#### [WHAT TO PRODUCE]
Exactly as written, print each record in the listing.

#### [INPUT DATA]
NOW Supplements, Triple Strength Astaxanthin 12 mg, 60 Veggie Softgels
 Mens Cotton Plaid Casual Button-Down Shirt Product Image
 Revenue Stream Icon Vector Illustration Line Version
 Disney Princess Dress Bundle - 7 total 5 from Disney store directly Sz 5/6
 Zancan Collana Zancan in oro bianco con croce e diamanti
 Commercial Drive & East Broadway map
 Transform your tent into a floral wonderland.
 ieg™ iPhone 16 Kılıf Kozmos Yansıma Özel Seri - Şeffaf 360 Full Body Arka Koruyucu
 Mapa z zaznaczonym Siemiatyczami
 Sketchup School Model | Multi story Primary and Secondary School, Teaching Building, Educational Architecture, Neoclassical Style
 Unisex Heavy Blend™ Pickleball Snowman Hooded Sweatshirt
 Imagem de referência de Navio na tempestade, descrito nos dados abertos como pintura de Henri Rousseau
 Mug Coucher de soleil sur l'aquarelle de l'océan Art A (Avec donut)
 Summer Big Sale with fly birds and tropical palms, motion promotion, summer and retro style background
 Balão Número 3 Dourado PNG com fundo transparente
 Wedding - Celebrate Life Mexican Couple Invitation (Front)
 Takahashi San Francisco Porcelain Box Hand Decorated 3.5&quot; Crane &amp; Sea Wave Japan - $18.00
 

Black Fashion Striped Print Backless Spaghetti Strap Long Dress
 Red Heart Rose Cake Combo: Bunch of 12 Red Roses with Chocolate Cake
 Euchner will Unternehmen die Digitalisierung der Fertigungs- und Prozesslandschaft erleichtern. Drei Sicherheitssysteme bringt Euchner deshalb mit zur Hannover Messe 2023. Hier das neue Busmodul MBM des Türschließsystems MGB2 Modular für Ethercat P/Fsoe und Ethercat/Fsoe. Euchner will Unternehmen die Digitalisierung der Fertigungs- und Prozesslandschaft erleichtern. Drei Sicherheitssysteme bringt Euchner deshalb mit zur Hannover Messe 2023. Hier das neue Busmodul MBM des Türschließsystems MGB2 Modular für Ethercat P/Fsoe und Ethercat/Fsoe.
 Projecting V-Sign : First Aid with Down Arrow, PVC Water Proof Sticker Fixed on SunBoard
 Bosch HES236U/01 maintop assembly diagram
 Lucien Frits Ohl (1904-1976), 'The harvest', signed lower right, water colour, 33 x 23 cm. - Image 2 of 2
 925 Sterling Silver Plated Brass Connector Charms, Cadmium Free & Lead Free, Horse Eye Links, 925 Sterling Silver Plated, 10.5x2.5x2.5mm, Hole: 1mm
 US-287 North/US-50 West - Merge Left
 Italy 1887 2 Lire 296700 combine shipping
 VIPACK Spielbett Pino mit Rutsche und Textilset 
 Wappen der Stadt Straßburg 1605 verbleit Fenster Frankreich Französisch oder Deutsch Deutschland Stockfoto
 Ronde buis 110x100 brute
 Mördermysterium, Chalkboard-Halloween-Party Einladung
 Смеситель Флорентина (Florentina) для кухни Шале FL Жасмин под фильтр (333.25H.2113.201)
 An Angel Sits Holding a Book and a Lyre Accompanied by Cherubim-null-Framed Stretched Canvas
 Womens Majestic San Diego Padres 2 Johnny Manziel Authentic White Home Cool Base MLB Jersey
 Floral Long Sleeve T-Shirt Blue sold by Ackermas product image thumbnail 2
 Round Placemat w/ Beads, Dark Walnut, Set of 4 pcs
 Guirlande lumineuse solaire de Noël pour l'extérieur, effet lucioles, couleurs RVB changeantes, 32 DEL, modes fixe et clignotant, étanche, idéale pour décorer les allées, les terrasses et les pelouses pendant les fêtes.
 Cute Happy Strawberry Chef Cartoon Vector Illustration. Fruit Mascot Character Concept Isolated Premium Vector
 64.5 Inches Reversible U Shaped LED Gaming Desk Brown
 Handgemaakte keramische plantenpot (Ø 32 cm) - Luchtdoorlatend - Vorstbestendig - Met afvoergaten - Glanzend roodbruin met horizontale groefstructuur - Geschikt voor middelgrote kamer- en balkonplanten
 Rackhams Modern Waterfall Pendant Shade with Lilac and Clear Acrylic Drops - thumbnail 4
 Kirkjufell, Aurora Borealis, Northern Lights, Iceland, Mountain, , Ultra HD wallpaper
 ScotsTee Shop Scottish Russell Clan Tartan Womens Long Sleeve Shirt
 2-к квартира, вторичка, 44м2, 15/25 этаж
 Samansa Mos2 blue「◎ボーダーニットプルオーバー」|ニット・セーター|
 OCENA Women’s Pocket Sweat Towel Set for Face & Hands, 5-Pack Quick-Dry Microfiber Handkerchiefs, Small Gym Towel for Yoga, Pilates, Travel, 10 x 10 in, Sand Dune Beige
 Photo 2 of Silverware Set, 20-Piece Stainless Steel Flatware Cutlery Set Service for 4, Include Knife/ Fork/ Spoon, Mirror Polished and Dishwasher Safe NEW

#### [YOUR RESPONSE]
NOW Supplements, Triple Strength Astaxanthin 12 mg, 60 Veggie Softgels
 Mens Cotton Plaid Casual Button-Down Shirt Product Image
 Revenue Stream Icon Vector Illustration Line Version
 Disney Princess Dress Bundle - 7 total 5 from Disney store directly Sz 5/6
 Zancan Collana Zancan in oro bianco con croce e diamanti
 Commercial Drive & East Broadway map
 Transform your tent into a floral wonderland.
 ieg™ iPhone 16 Kılıf Kozmos Yansıma Özel Seri - Şeffaf 360 Full Body Arka Koruyucu
 Mapa z zaznaczonym Siemiatyczami
 Sketchup School Model | Multi story Primary and Secondary School, Teaching Building, Educational Architecture, Neoclassical Style
 Unisex Heavy Blend™ Pickleball Snowman Hooded Sweatshirt
 Imagem de referência de Navio na tempestade, descrito nos dados abertos como pintura de Henri Rousseau
 Mug Coucher de soleil sur l'aquarelle de l'océan Art A (Avec donut)
 Summer Big Sale with fly birds and tropical palms, motion promotion, summer and retro style background
 Balão Número 3 Dourado PNG com fundo transparente
 Wedding - Celebrate Life Mexican Couple Invitation (Front)
 Takahashi San Francisco Porcelain Box Hand Decorated 3.5&quot; Crane &amp; Sea Wave Japan - $18.00
 

Black Fashion Striped Print Backless Spaghetti Strap Long Dress
 Red Heart Rose Cake Combo: Bunch of 12 Red Roses with Chocolate Cake
 Euchner will Unternehmen die Digitalisierung der Fertigungs- und Prozesslandschaft erleichtern. Drei Sicherheitssysteme bringt Euchner deshalb mit zur Hannover Messe 2023. Hier das neue Busmodul MBM des Türschließsystems MGB2 Modular für Ethercat P/Fsoe und Ethercat/Fsoe. Euchner will Unternehmen die Digitalisierung der Fertigungs- und Prozesslandschaft erleichtern. Drei Sicherheitssysteme bringt Euchner deshalb mit zur Hannover Messe 2023. Hier das neue Busmodul MBM des Türschließsystems MGB2 Modular für Ethercat P/Fsoe und Ethercat/Fsoe.
 Projecting V-Sign : First Aid with Down Arrow, PVC Water Proof Sticker Fixed on SunBoard
 Bosch HES236U/01 maintop assembly diagram
 Lucien Frits Ohl (1904-1976), 'The harvest', signed lower right, water colour, 33 x 23 cm. - Image 2 of 2
 925 Sterling Silver Plated Brass Connector Charms, Cadmium Free & Lead Free, Horse Eye Links, 925 Sterling Silver Plated, 10.5x2.5x2.5mm, Hole: 1mm
 US-287 North/US-50 West - Merge Left
 Italy 1887 2 Lire 296700 combine shipping
 VIPACK Spielbett Pino mit Rutsche und Textilset 
 Wappen der Stadt Straßburg 1605 verbleit Fenster Frankreich Französisch oder Deutsch Deutschland Stockfoto
 Ronde buis 110x100 brute
 Mördermysterium, Chalkboard-Halloween-Party Einladung
 Смеситель Флорентина (Florentina) для кухни Шале FL Жасмин под фильтр (333.25H.2113.201)
 An Angel Sits Holding a Book and a Lyre Accompanied by Cherubim-null-Framed Stretched Canvas
 Womens Majestic San Diego Padres 2 Johnny Manziel Authentic White Home Cool Base MLB Jersey
 Floral Long Sleeve T-Shirt Blue sold by Ackermas product image thumbnail 2
 Round Placemat w/ Beads, Dark Walnut, Set of 4 pcs
 Guirlande lumineuse solaire de Noël pour l'extérieur, effet lucioles, couleurs RVB changeantes, 32 DEL, modes fixe et clignotant, étanche, idéale pour décorer les allées, les terrasses et les pelouses pendant les fêtes.
 Cute Happy Strawberry Chef Cartoon Vector Illustration. Fruit Mascot Character Concept Isolated Premium Vector
 64.5 Inches Reversible U Shaped LED Gaming Desk Brown
 Handgemaakte keramische plantenpot (Ø 32 cm) - Luchtdoorlatend - Vorstbestendig - Met afvoergaten - Glanzend roodbruin met horizontale groefstructuur - Geschikt voor middelgrote kamer- en balkonplanten
 Rackhams Modern Waterfall Pendant Shade with Lilac and Clear Acrylic Drops - thumbnail 4
 Kirkjufell, Aurora Borealis, Northern Lights, Iceland, Mountain, , Ultra HD wallpaper
 ScotsTee Shop Scottish Russell Clan Tartan Womens Long Sleeve Shirt
 2-к квартира, вторичка, 44м2, 15/25 этаж
 Samansa Mos2 blue「◎ボーダーニットプルオーバー」|ニット・セーター|
 OCENA Women’s Pocket Sweat Towel Set for Face & Hands, 5-Pack Quick-Dry Microfiber Handkerchiefs, Small Gym Towel for Yoga, Pilates, Travel, 10 x 10 in, Sand Dune Beige
 Photo 2 of Silverware Set, 20-Piece Stainless Steel Flatware Cutlery Set Service for 4, Include Knife/ Fork/ Spoon, Mirror Polished and Dishwasher Safe NEW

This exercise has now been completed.